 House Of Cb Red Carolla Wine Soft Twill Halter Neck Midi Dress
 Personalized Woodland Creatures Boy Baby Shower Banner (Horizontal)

...

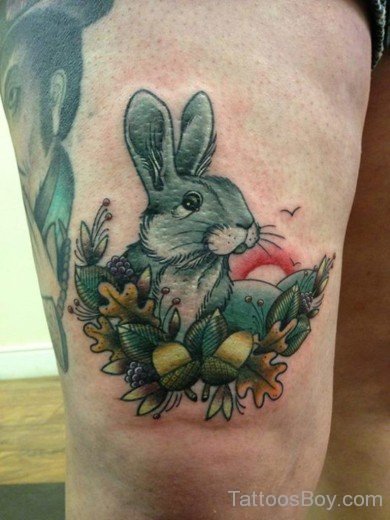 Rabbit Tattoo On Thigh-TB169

■ Task objective ■
Write out exactly the lines above from the line with "House Of Cb" through the line with "Personalized Woodland Creatures", both of them included, and leave out all other lines.

■ Solution for this task ■
 House Of Cb Red Carolla Wine Soft Twill Halter Neck Midi Dress
 Personalized Woodland Creatures Boy Baby Shower Banner (Horizontal)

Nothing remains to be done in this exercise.